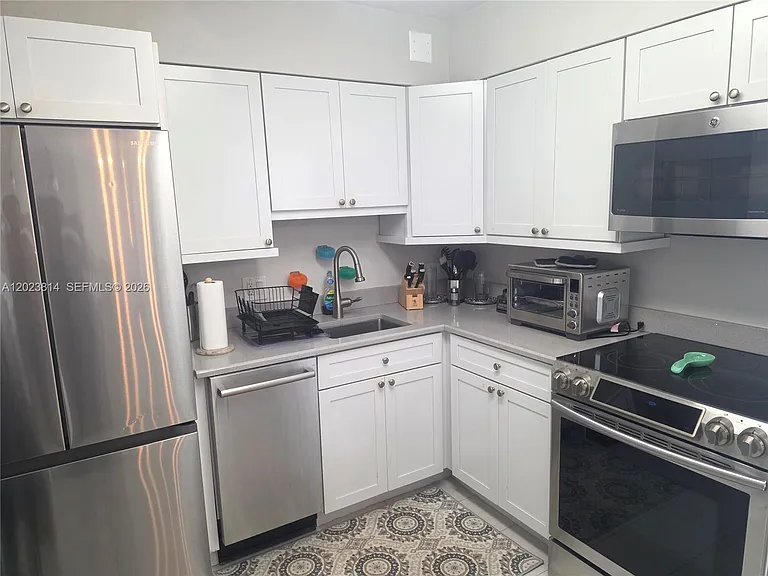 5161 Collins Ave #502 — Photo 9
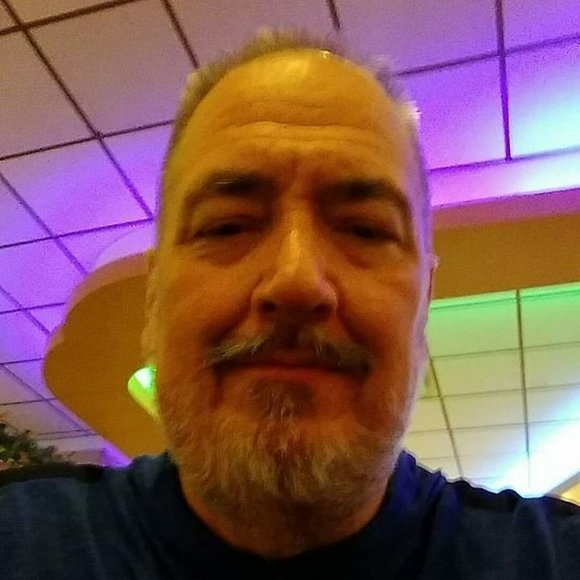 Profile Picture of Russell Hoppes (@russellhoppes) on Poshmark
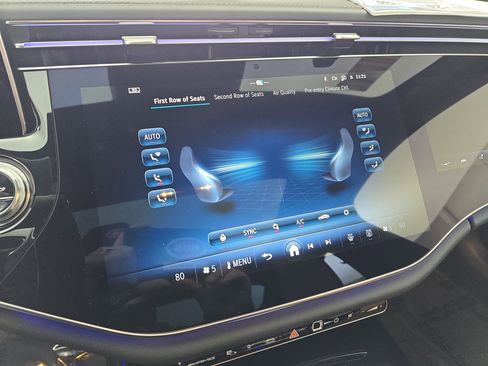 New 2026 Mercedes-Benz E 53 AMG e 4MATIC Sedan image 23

== TRY IT ==
Give again, word for word, the lines above from the one with "Profile Picture of" through the final line of the data, both ends included. Do not copy any picture.

== ANSWER BOX ==
 Profile Picture of Russell Hoppes (@russellhoppes) on Poshmark
 New 2026 Mercedes-Benz E 53 AMG e 4MATIC Sedan image 23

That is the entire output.